Well, now I will describe the step-by-step procedure to program a flash IC with this programmer. You can download here a zip file containing some batch files to run for every procedure's step and a txt file that's simply a copy of the help screen of the SPIPGM program.

--- Who needs for SPI flash programming ? ---
The man that has bricked his Android Tablet changing the wrong bytes with hex editor !
As me...

The last chance, in such horrible situation, is to reprogram the U-boot and W-boot that are on the flash chip near the microprocessor. In my WM8650 based Android Tablet, that flash was the 25P40 from ST. It's a SOIC 8 package, so isn't too complicate to unsolder from the board. NOTICE: the IC will "die" when unsoldered, as mine did, but if you have the binary file needed to fill the new one, there will be no problems.
Note that in the batch file I used, as source for flash burning, one .bin file called 2711942B.bin ; this strange filename comes from a WM8650.bin I found on the internet, renamed with the value of its CRC32 checksum. I did this 'cause there are different binary files with the same purpose (reflashing Android Boot), but in my specific tablet only the one with such CRC32 did the job. Obviously, you need to download the file somewhere (I can't remember where found it) and rename as mentioned to use the batch file without modifications.
Oops, you also need for a flash IC to program :-)
The original 25P40 from ST was impossible to find in my country, but an equivalent from Atmel is available in the Farnell catalog with code: 171 5441 (AT25DF041A-SSH-B). The component's electronic signature is unknown for the SPI programmer, but works fine as generic Atmel.

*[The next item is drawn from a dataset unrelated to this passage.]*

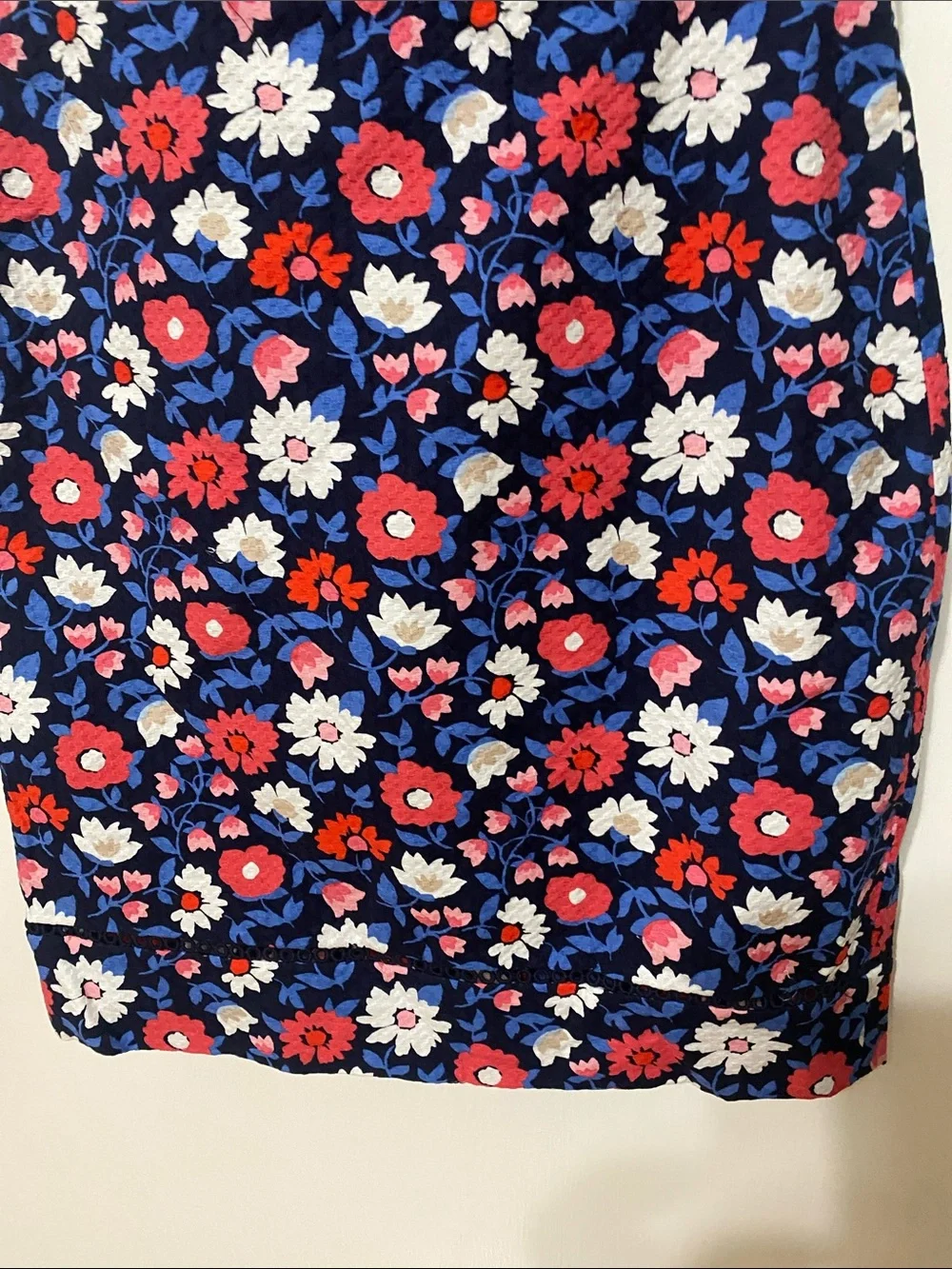 kate spade Navy Floral V-Neck Mini Dress with Red & White Blooms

As the original one, this flash IC has 4 Megabits (512 KBytes) of reprogrammable memory and costs around 1 Euro for single piece.

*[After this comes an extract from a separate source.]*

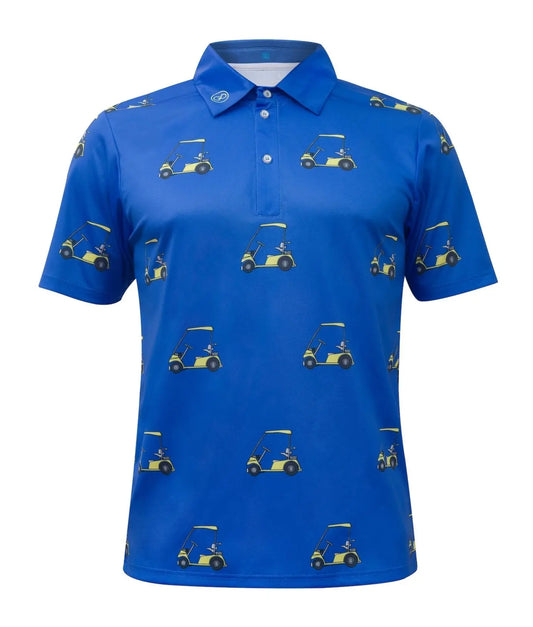 Blue Golf Cart Performance Polo Shirt Power Golf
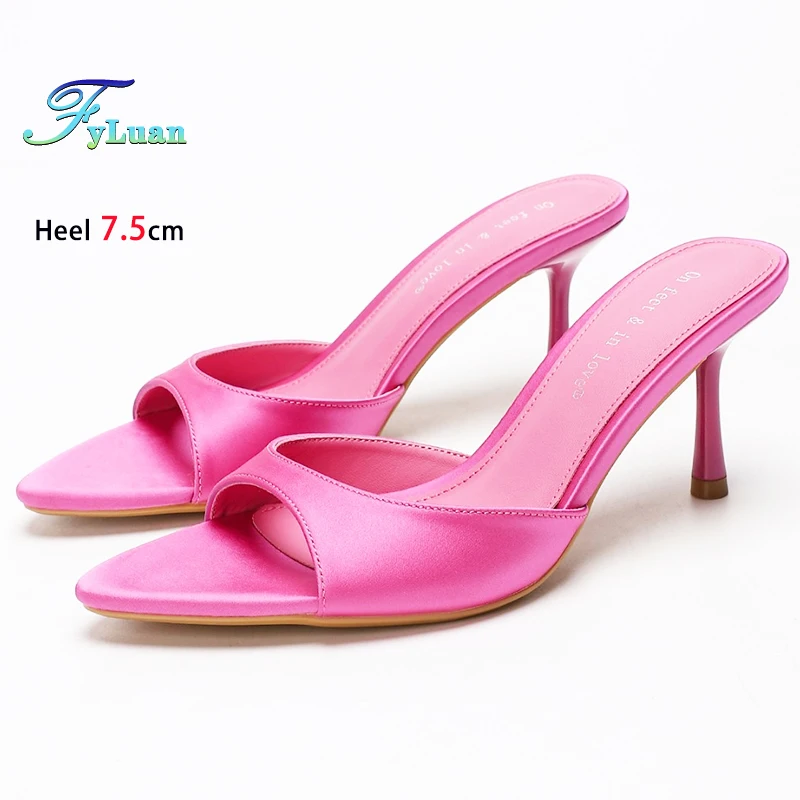 

Сексуальная розово-красная женская обувь на высоком каблуке 7,5 см, тапочки на тонком каблуке, атласные женские туфли-лодочки с острым носком, повседневная обувь на шпильке с открытым носком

--- Pay attention to static charges ! Connect your body to GND when handling IC ---

Now, let's start to program the chip; follow this step-by-step sequence, please...
- insert the IC in the ZIF socket with DB25 Printer Port Connector and 3V Battery Clip both DISCONNECTED !
- connect the battery clip to the 3V battery pack with special attention to the polarity ! (reverse = destroy)
- start the "identify.bat" batch file, still without connecting the programmer to the parallel port

(this initializes the parallel port outputs to a safe condition). Obviously, there are errors, 'cause the programmer is still disconnected.
- connect the DB25 to the parallel port and run again the "identify.bat" batch.

this time you can see the chip ID that is 1F4401h, that's specific for the AT25DF041A, but not recognized by program for the type, only for manufacturer (Atmel), but it's enough.
- now, run the "unlock.bat" batch. This is necessary to enable the memory to accept writings.

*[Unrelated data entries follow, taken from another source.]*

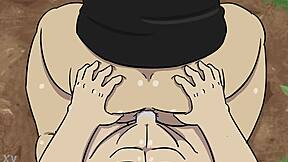 animated security guard plows big ass outdoors in gay creampie frenzy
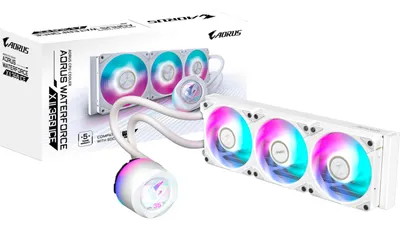 Produktbild von GIGABYTE AORUS WATERFORCE X II 360 ICE AIO Flüssigkeits-CPU-Kühler - 3x120mm ARGB-Lüfter, Vollfarb-LCD, DAISY-CHAIN, kompatibel mit Intel LGA 1851 und AMD AM5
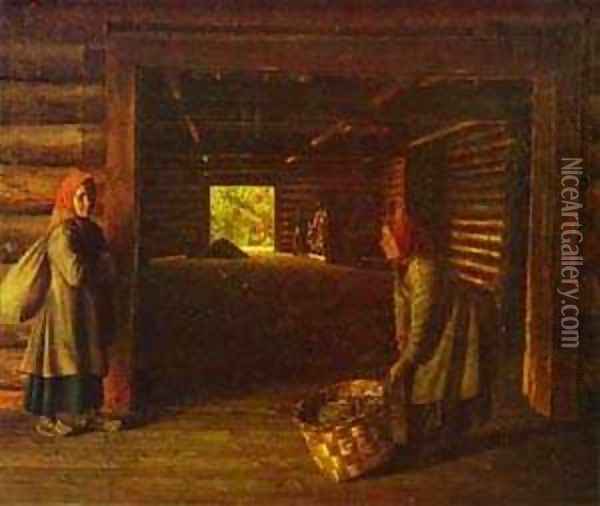 Threshing Floor 1840s Oil Painting - Grigori Vasilievich Soroka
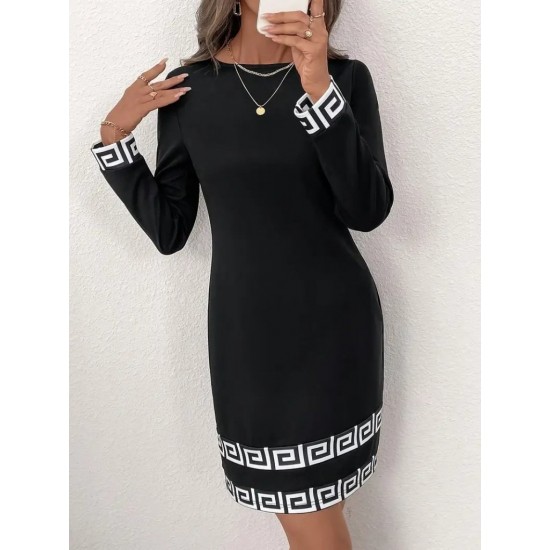 Kadın Uzun Kollu Bisiklet Yaka Mini Ithal Krep Elbise , 30614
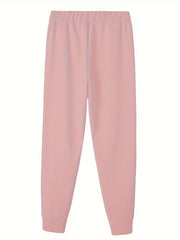  Leopard Print Fleece Joggers Elastic High Rise Pants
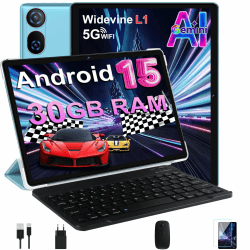 DMOAO Tablet 10 Zoll Android 15 mit Tastatur, Gemini AI, 30GB RAM + 64GB ROM (2TB Erweiterung), 5G WLAN, Widevine L1, Octa-Core, GPS, Face ID, FHD IPS, 6000mAh, USB, Blau Hellblau Angebot bei HelloDeals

even if the result is "failed", the unlock has been done.
- now erase the memory running the "erase.bat" batch. This is not needed for a new IC, but better to do it anyway...

this will take a couple of seconds if all right. If program terminates immediatly, there's something wrong.
- and now, run the "program.bat" batch...

- the program doesn't know this type of memory, so prompts for size in Kb; type 512 and go... (note that this step is skipped if the memory chip is fully recognized by the program)

programming has been executed (it will require a couple of minutes or less for the BIN file used).
- finally, read the programmed flash contents running "dump.bat" batch. It will read the flash contents and store them to arbitrary file name rd_spi.bin ; this will be useful to compare the source file with this readout.

- again the program doesn't know this type of memory, so prompts for size in Kb; once again 512 and go... (note that this step is skipped if the memory chip is fully recognized by the program)

operation complete... now use a binary file comparision to check if source and readout are equal (I suggest the great open source Frhed to do this job). In alternative you can compare the CRC32, MD5, SHA-1 of both files using the free program HashTab that integrates in Windows shell.

The flash IC is programmed, now follow this sequence to disconnect: - with the IC still in the socket and the battery connected, detach the DB25 connector from the parallel port. - detach the clip connector from the 3V battery pack. - open the ZIF and get the programmed IC.